Here I am dedicating this post to you, on the 8th of September 2008. Just want to say, 2 Days has passed since that day I have caused you much distress. So here I am, writing this poem for you, to seek for your forgiveness that fateful day.
Clad in shades of purple that day,
We embarked on a journey to somewhere out there.
During the rides we laughed and played,
and solicited happiness from our peers out there.
Just as we were going on fine,
My curiosity overwhelmed me.
and my actions;
it left me in despair.
All i could do was to stare,
at the damage I inflicted there.
What could I do to salvage the detriment,
except to gape with my guilt-stricken face.
It all wrapped up when you said "Hey, it's ok"
and it ended in a mortifying way.
We completed our "Mission of the Day"
and set out on another journey back.
I hoped it wont be the same as before,
but I failed myself,
and disgusted you again.
So all I could do is to write this post for you.
and say:
Sorry
对不起
ごめなさい
미안합니다
Sorry.
Yeah?

Friday, September 5, 2008

Too many things happening,
Too many things occuring.
I cant remember when I've stopped blogging
And the activities that I have started doing.
So now I am here,
Writing this post,
To dedicate this to people out there.
Those I have spent time having fun with,
Those that made me laugh from the bottom of my heart with.

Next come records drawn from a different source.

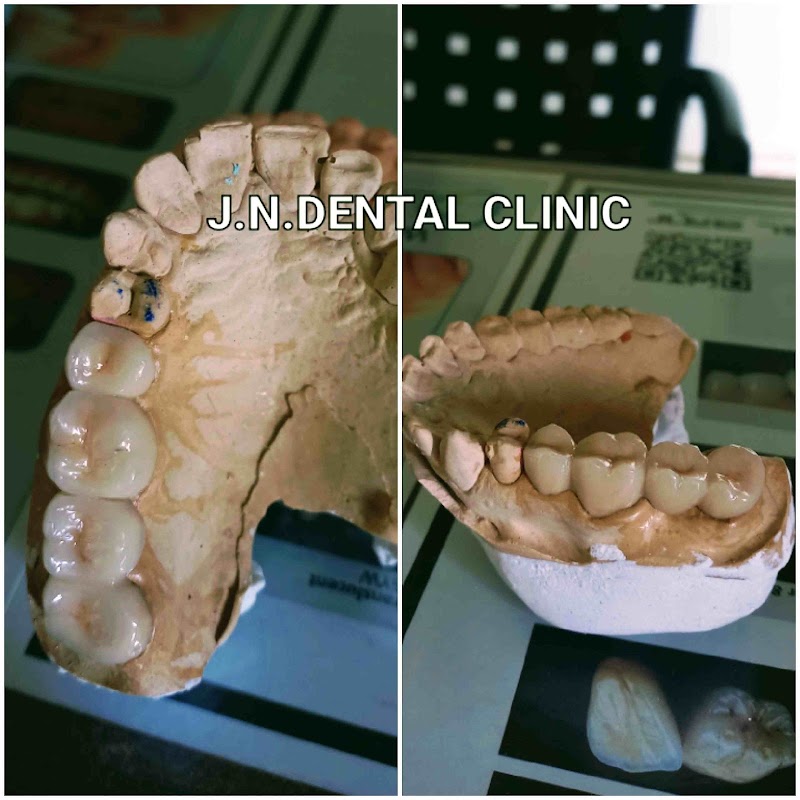 JN Dental Clinic - JN Dental Clinic, J.N.DENTAL CURE & CARE, MADHYANAGRI CHOWK, near RADHAKRISHNA MANDIR, Juni Line, Bilaspur, Gol Bazar, Chhattisgarh 495001, India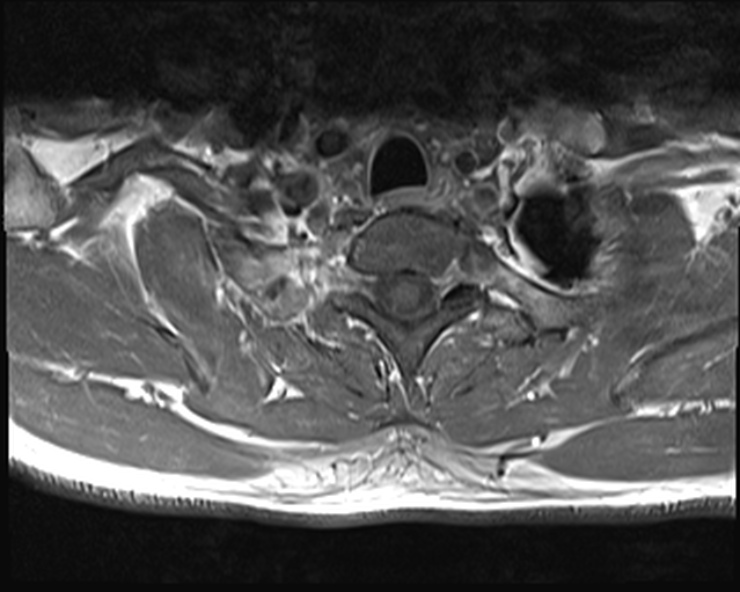 File:Cervical disc extrusion (Radiopaedia 53950-60077 Axial T1 C+ fat sat 29).jpg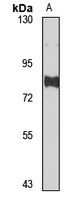 Anti-DMP1 Antibody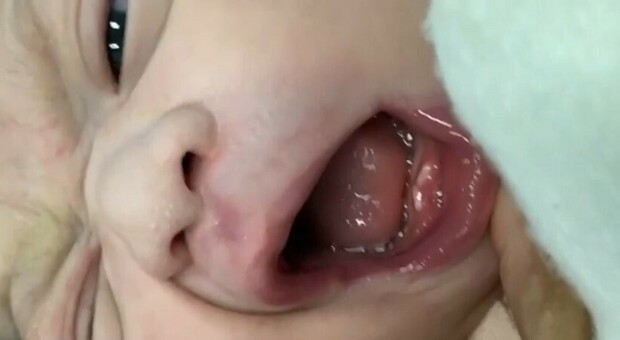 Bimba nasce con due dentini, succede una volta ogni duemila nascite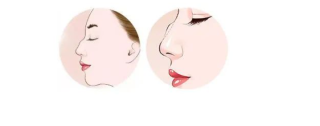 驼峰鼻的矫正原理是什么，矫正方法是什么？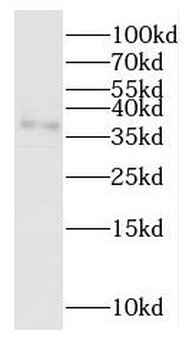 OGN Rabbit Polyclonal Antibody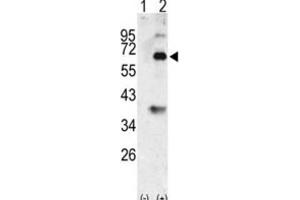 Western Blotting (WB) image for anti-Bone Morphogenetic Protein 3 (BMP3) antibody (ABIN2999248)
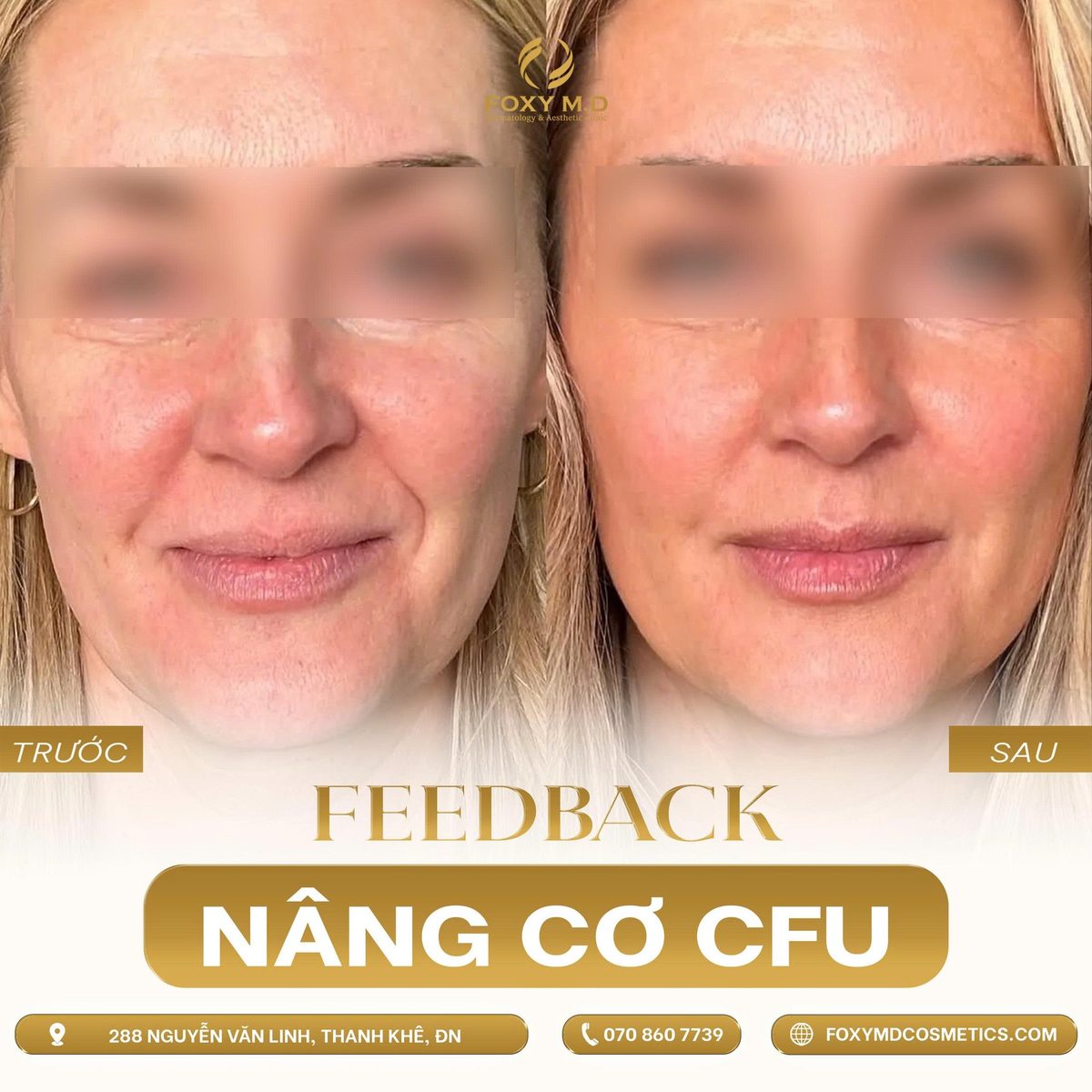 Trước sau nâng cơ CFU V-MAX chất lượng da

And especially to you Debbie,
Who had played and crapped with me.
Who had spent the most time with me.
Other than my TV.
I hope memories wouldnt be post in blogs,
Nor pictures or camwhoring.
But our Organs that we had used to
Remember things;
Hear things;
Capture things;
Thus,
I end this post in recognition to everyone out there who brought me joy and happiness,
Although each activity done had not been pen-ed down in words...
Woke up in the middle of the night,
Flooded by thoughts from a disdain voice.
Meekly,
I threw myself under the shield that protects me,
From horrendous thoughts and emotions
That came creeping to me.
It had always been this way,
He was right; and we all wrong
Rattling in a corner, all away.
I have gotten use to this sequence,
Of him,
Pushing all the blame away.
I have taken enough this kind of blow,
That left me always weeping.
Why hasn’t he searched his soul,
And ruminate for his wrong-doings
My face,
Enshrouded in tears and mucus
Yes,
I admit that we have made mistakes.
And I swear I reflected upon it.
But you,
You.
All you did was to push it all away,And marinate her with all your endless rumblings.